*Image-text web data*.

=== Begin Enclosure ===

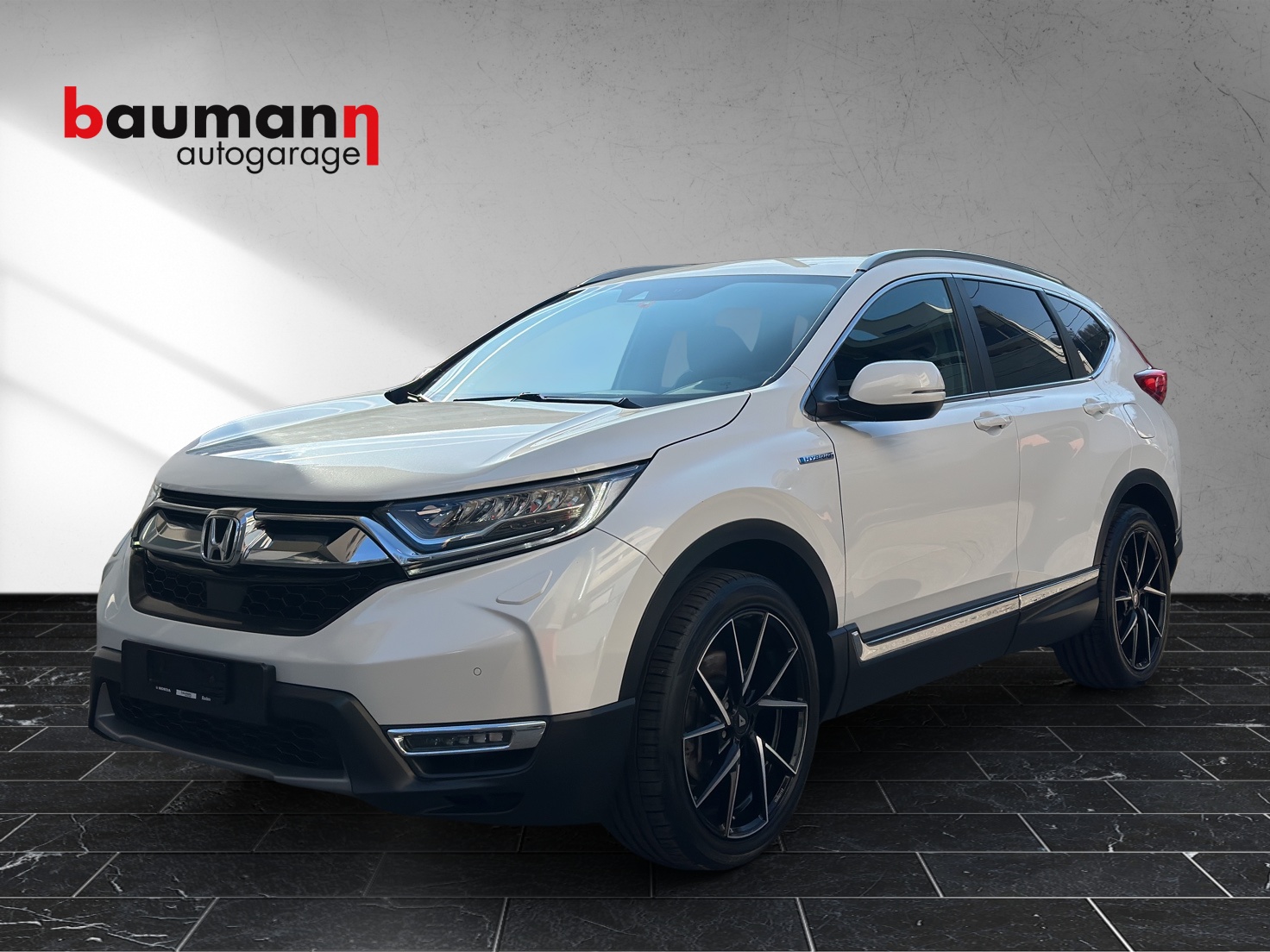 HONDA CR-V 2.0i MMD Hybrid Lifestyle 4WD Automatic-image-0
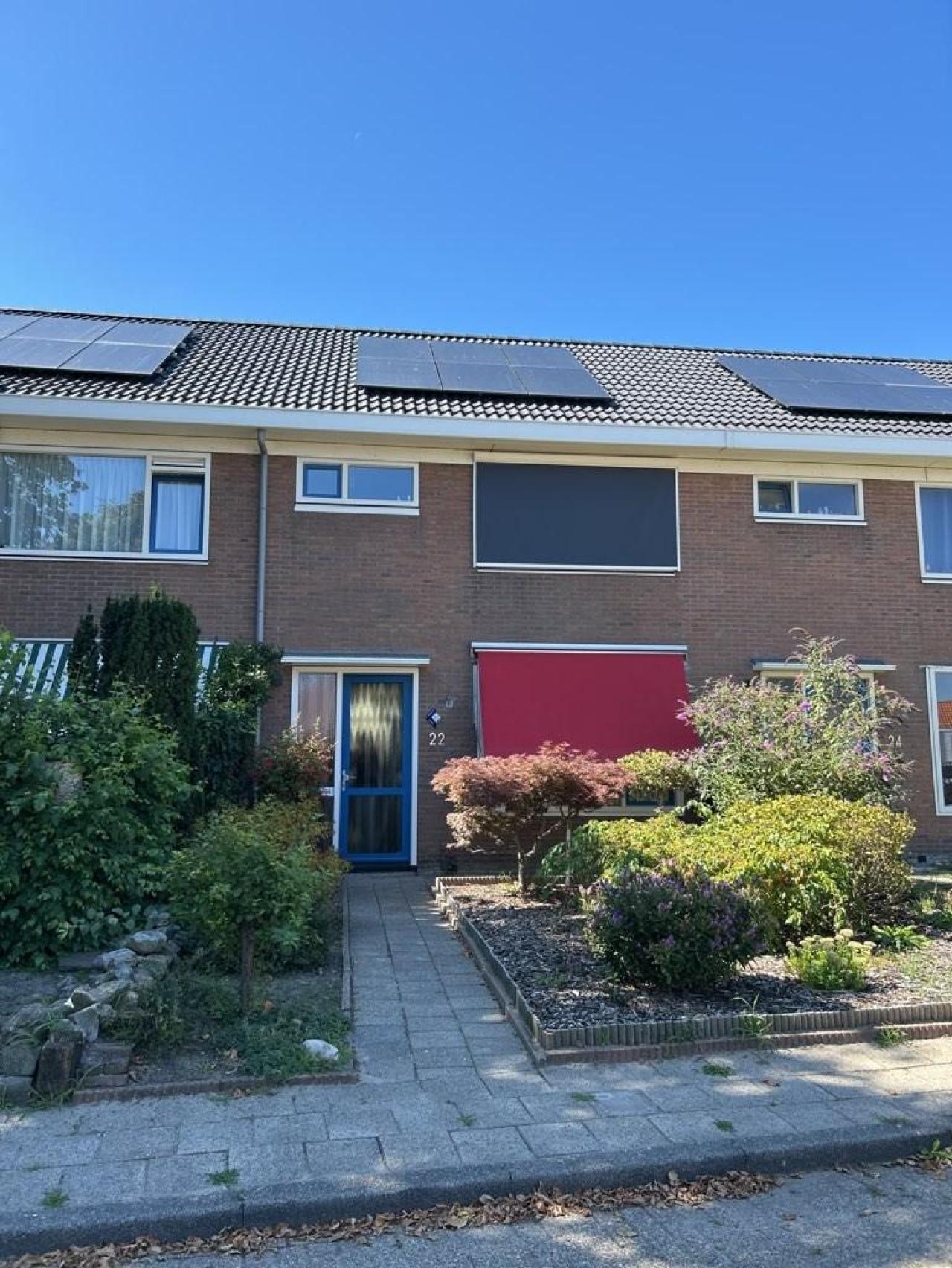 Hofstraat 22, 1779 CD Den Oever, Nederland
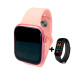 Smartwatch Xion Xi-watch66 (1,83 Pulgadas) + Reloj Rosa
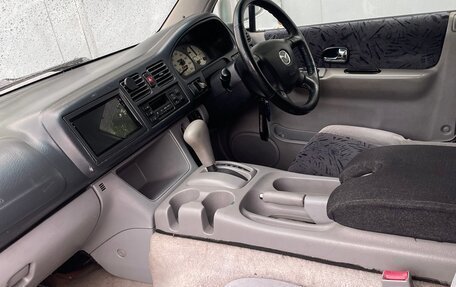 Mazda Bongo Friendee i рестайлинг, 2003 год, 445 000 рублей, 14 фотография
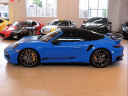Thumbnail image of 2023 Porsche 911 at Continental Autosports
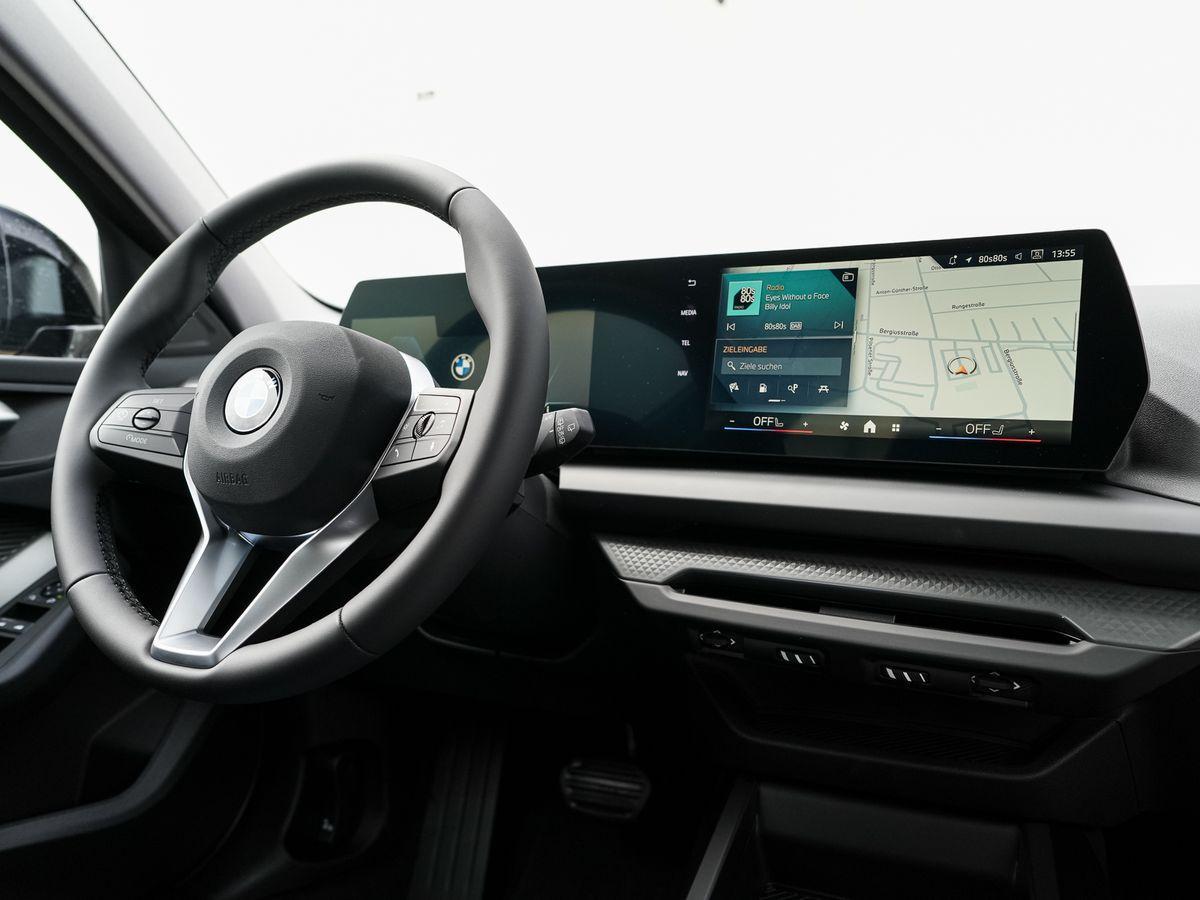 BMW 1 Series AHK Panoramadach Sportsitze Navi ParkAssist, миниатюра 18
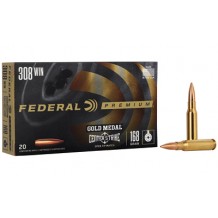 FED GOLD MDL 308WIN 168GR OTM 20/200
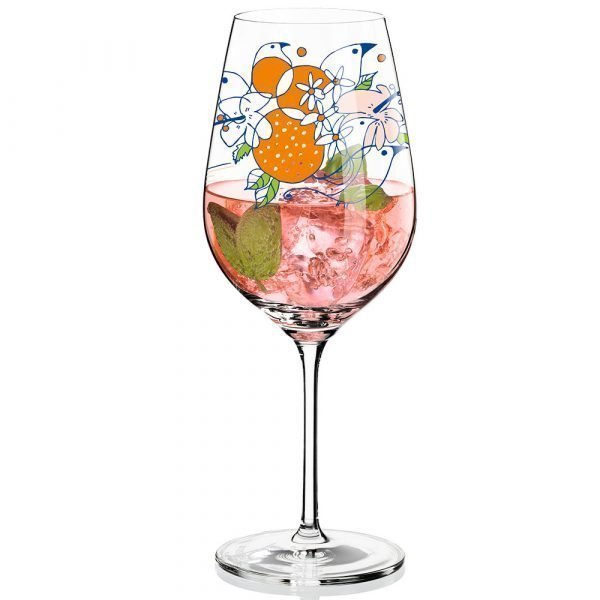 Ritzenhoff Apertivo Rosato Aperitiivi Lasi Pakulla 60 Cl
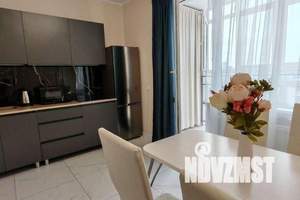 2-к квартира, посуточно, 53м2, 22/25 этаж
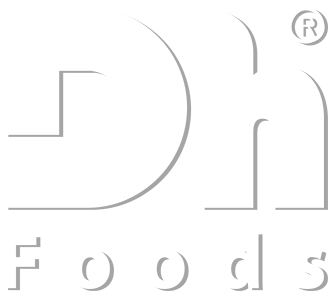 Dh Foods Logo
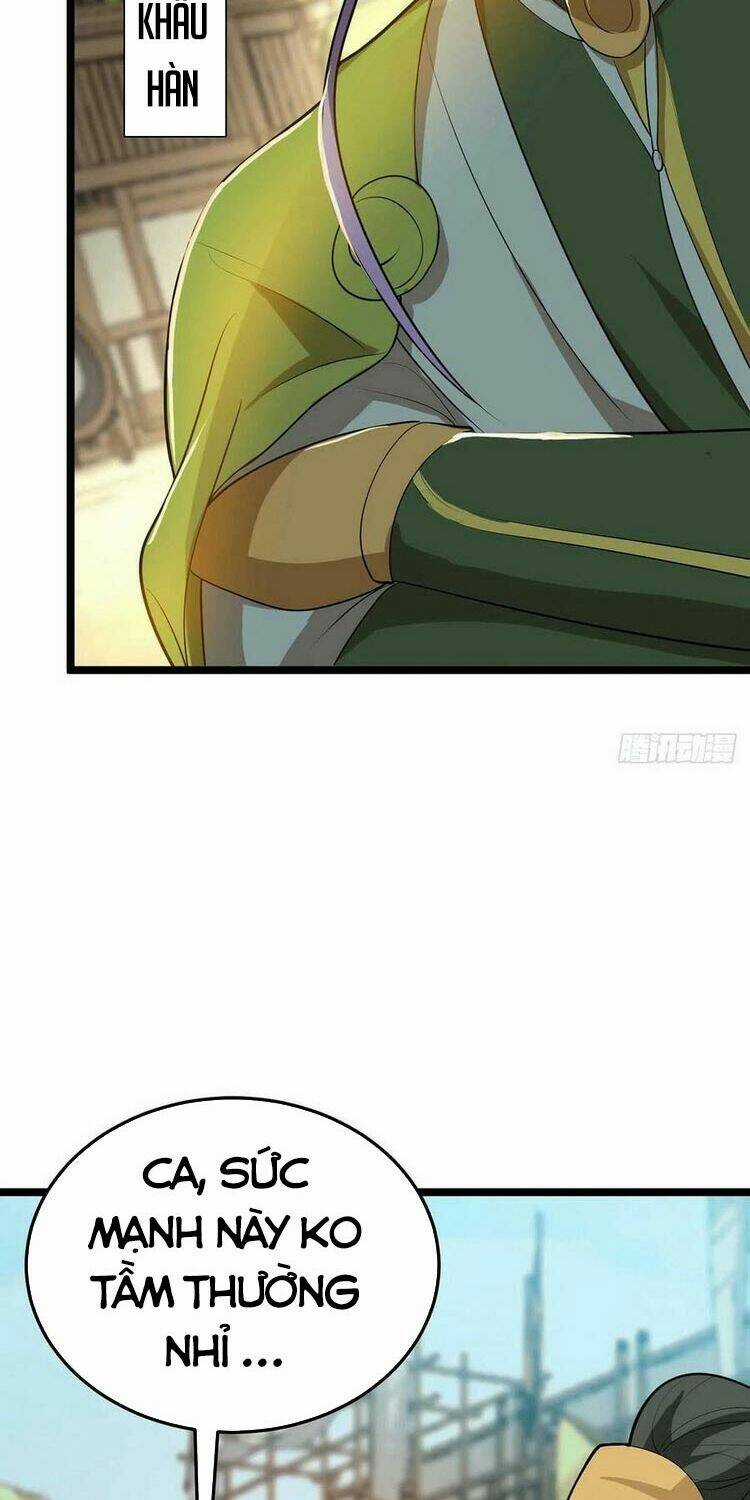 Chúa Tể Tam Giới Chapter 177 trang 25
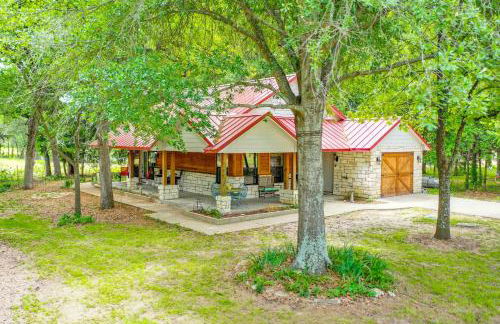 Dog-Friendly Wills Point Home with Grill on 10 Acres - Photo 29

=== End Enclosure ===

*Task item*.
In the entries above, find the line containing "Chúa Tể Tam Giới Chapter 177 trang 25". Transcribe it and every later line to the end, exactly, and leave out the pictures.

*Solved exercise*.
 Chúa Tể Tam Giới Chapter 177 trang 25
 Dog-Friendly Wills Point Home with Grill on 10 Acres - Photo 29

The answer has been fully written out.